━━━ DATA TO EXAMINE ━━━
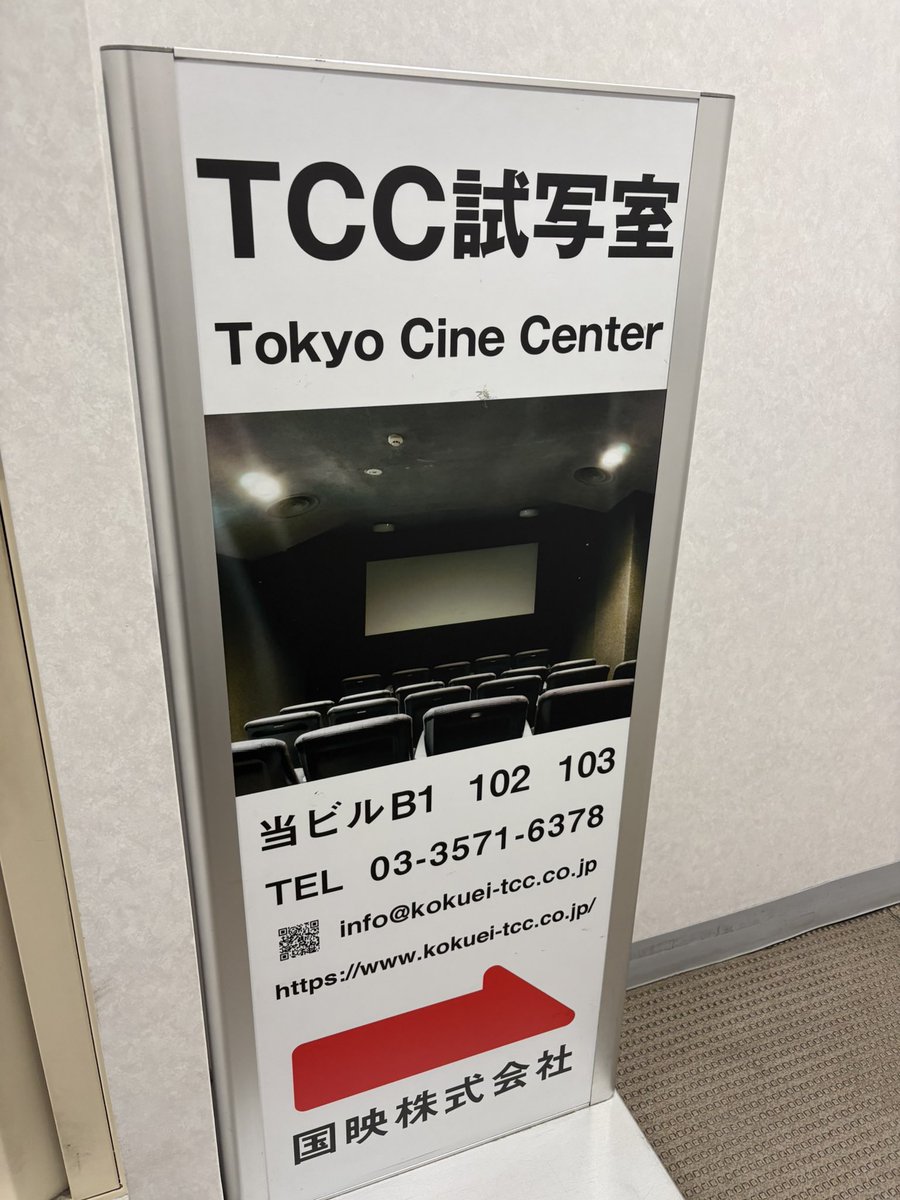 risako_inui's tweet photo. 昨日の試写会。

重めの題材で、台詞やナレーションなどの説明があまりないにもかかわらず、間や表情、情景描写で丁寧に紡いでいるので、視聴者を置いてきぼりにせず、しっかり伝わってくる上質な作品でした✨️

素敵な作品に出演できて素直に嬉しく誇らしいです。

沢山の人に観て頂けますように。 https://t.co/su57O66sHP
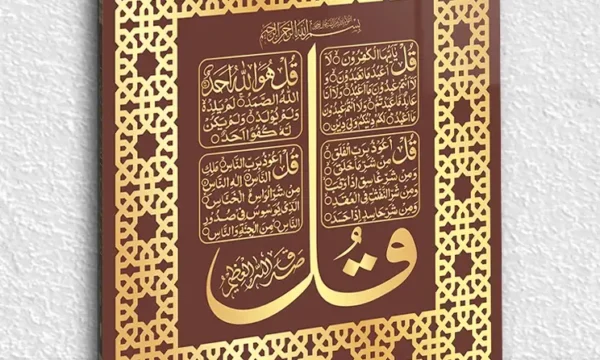 Dört Kul (4 Kul) Sureleri Yazılı Altın Renk Çerçeveli Kırılmaz Temperli Cam Tablo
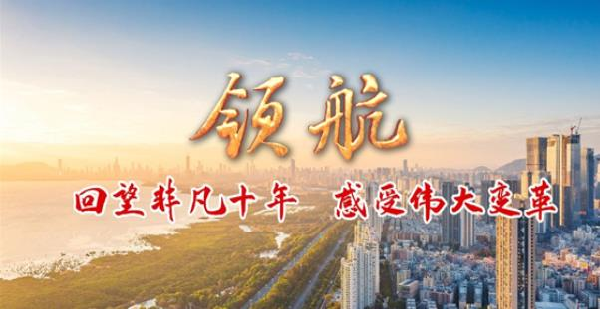V视频丨《领航》：回望非凡十年 感受伟大变革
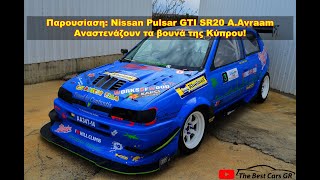 Nissan Pulsar GTI SR20 Hillclimb Monster | The Best Cars GR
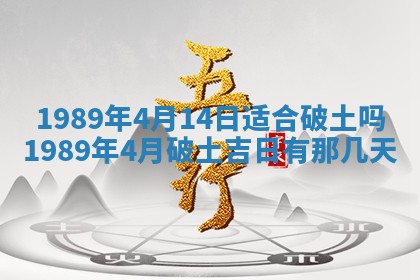 农历2025年六月十五黄历嫁娶适宜吗,这天嫁娶合适吗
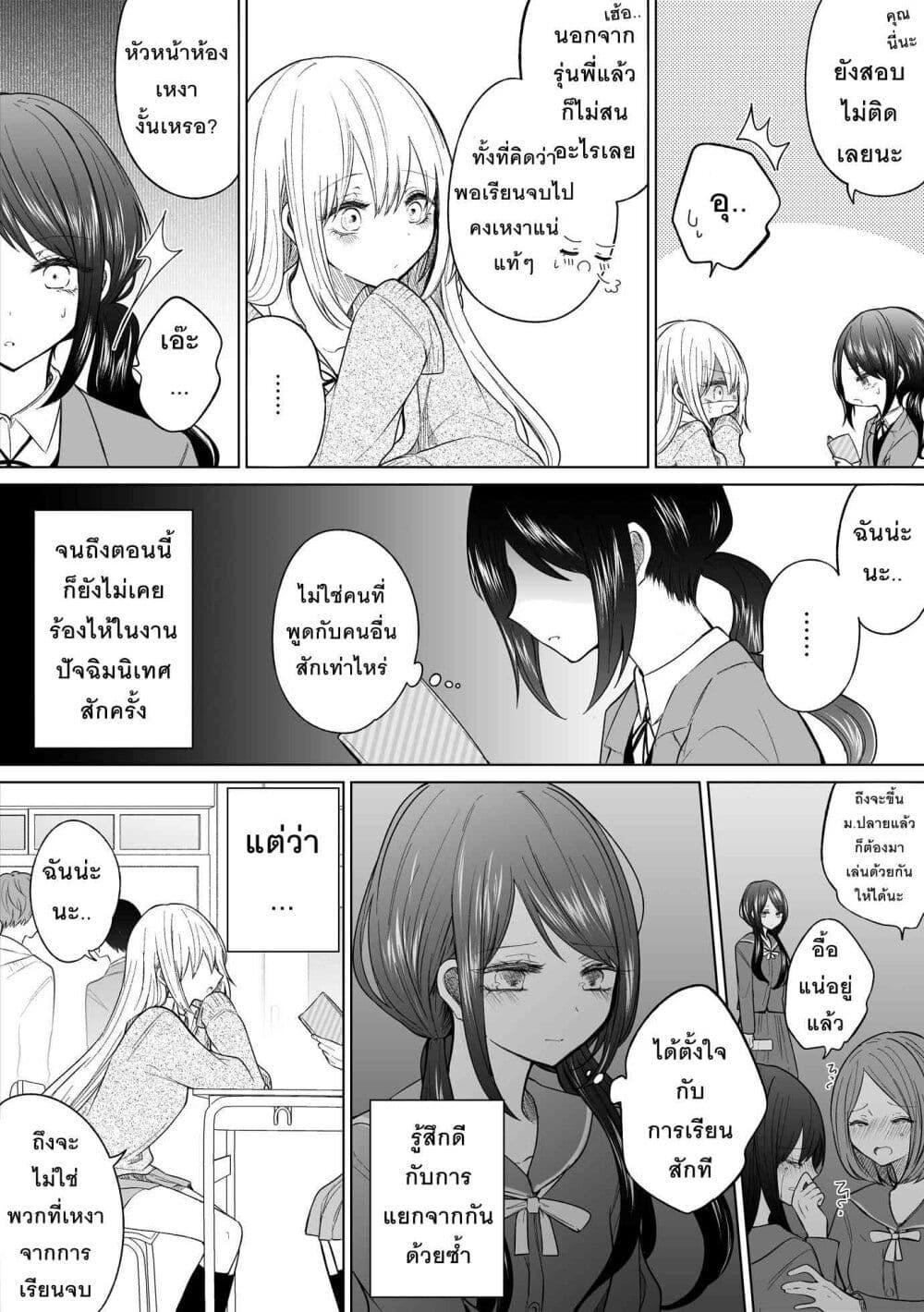 Manga-lc-com อ่านมังงะ อ่านการ์ตูน ออนไลน์ ฟรี Ichizu Bitch Chan ตอนที่ 1 2 3 4 5 6 7 8 9 10 11 12 13 14 ฟรี ไม่มีโฆษณา Manga-lc - อ่าน มังงะ อ่าน การ์ตูน ออนไลน์ อ่านมังงะ ฟรี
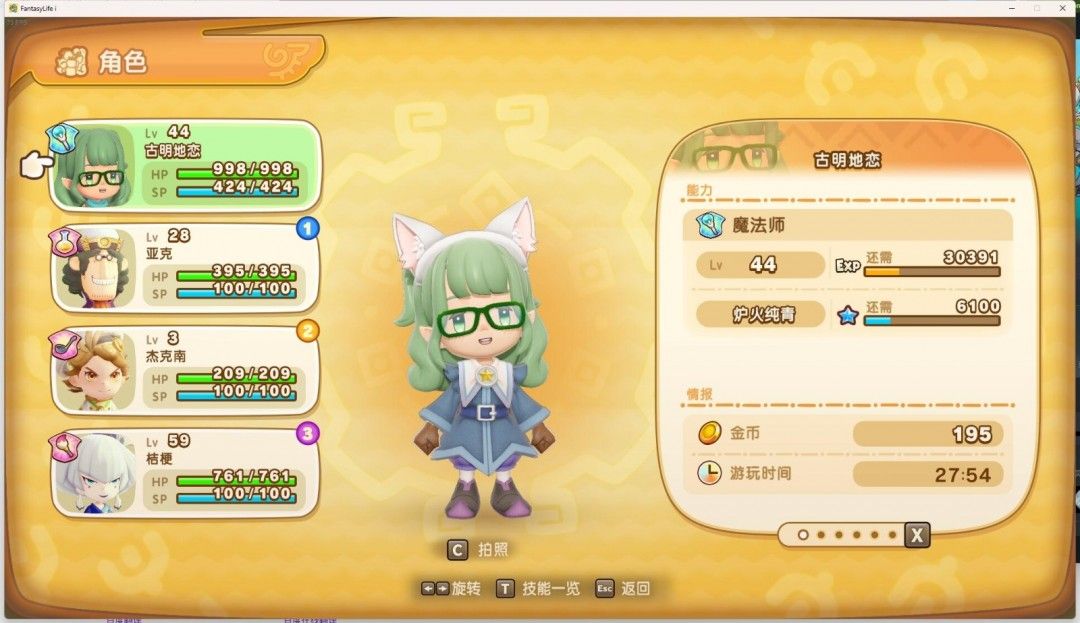 商店界面显示大量待售武器，金币数额迅速增长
━━━
▶ _WHAT THE TASK ASKS_: Copy exactly, leaving out pictures, the lines from the line containing "Nissan Pulsar GTI" through the last line of the records.

▶ _SOLUTION TO THE PROBLEM_:
 Nissan Pulsar GTI SR20 Hillclimb Monster | The Best Cars GR
 农历2025年六月十五黄历嫁娶适宜吗,这天嫁娶合适吗
 Manga-lc-com อ่านมังงะ อ่านการ์ตูน ออนไลน์ ฟรี Ichizu Bitch Chan ตอนที่ 1 2 3 4 5 6 7 8 9 10 11 12 13 14 ฟรี ไม่มีโฆษณา Manga-lc - อ่าน มังงะ อ่าน การ์ตูน ออนไลน์ อ่านมังงะ ฟรี
 商店界面显示大量待售武器，金币数额迅速增长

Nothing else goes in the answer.